- Spanish theatrical release poster
- Spanish: Dagon, la secta del mar
- Directed by: Stuart Gordon
- Written by: Dennis Paoli
- Based on: Dagon by H. P. Lovecraft; The Shadow Over Innsmouth by H. P. Lovecraft;
- Produced by: Carlos Fernández Julio Fernández Miguel Torrente Brian Yuzna
- Starring: Ezra Godden Francisco Rabal Raquel Meroño
- Edited by: Jaume Vilalta
- Music by: Carles Cases
- Production companies: Castelao Producciones; Estudios Picasso; Fantastic Factory;
- Distributed by: Filmax International
- Release date: 12 October 2001 (Sitges);
- Running time: 98 minutes
- Country: Spain
- Languages: English; Galician; Spanish;
- Box office: €212,699 (es)

= Dagon (film) =

2001 film by Stuart Gordon

Dagon (Dagon, la secta del mar, literally Dagon, the cult of the sea) is a 2001 Spanish Lovecraftian horror film directed by Stuart Gordon and written by Dennis Paoli, based on the 1919 short story of the same name and the 1936 novella The Shadow Over Innsmouth, both by author H. P. Lovecraft. Despite Gordon, Paoli and Lovecraft all being American, it is a fully Spanish production mixing English, Galician and Spanish languages, starring Ezra Godden, Francisco Rabal and Raquel Meroño.

Based loosely on both original works (most prominently The Shadow Over Innsmouth), the film takes place in Imboca, a Spanish version of Innsmouth. It is the final film collaboration between Gordon and Paoli, who had worked together many times since the 1977 play Bleacher Bums; their previous collaborations had included the films Re-Animator (1985) and From Beyond (1986), both already based on works by Lovecraft, and their next and final collaborations on the television series Masters of Horror would include H. P. Lovecraft's Dreams in the Witch-House (2005), also starring Godden.

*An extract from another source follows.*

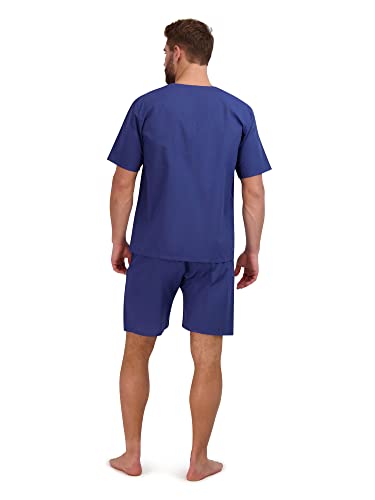 Image of Hanes Men's Hanes Short Sleeve Pj Set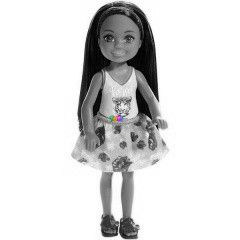 Barbie Chelsa Club - Barna haj kislny rzsaszn hajpnttal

The film received positive reviews and was the final role of Rabal, who died two months before its release.

==Plot==
Paul Marsh dreams of encountering a mermaid with razor-sharp teeth while exploring an underwater cave. He awakens on a boat off the shores of Spain, where he is vacationing with his girlfriend Barbara and their friends Vicki and Howard. A sudden storm blows their boat against the rocks, pinning Vicki against the bed and flooding the boat. While Howard stays with her, Paul and Barbara take the lifeboat to the nearby fishing town of Imboca. During their absence, an unseen water creature attacks Howard and Vicki.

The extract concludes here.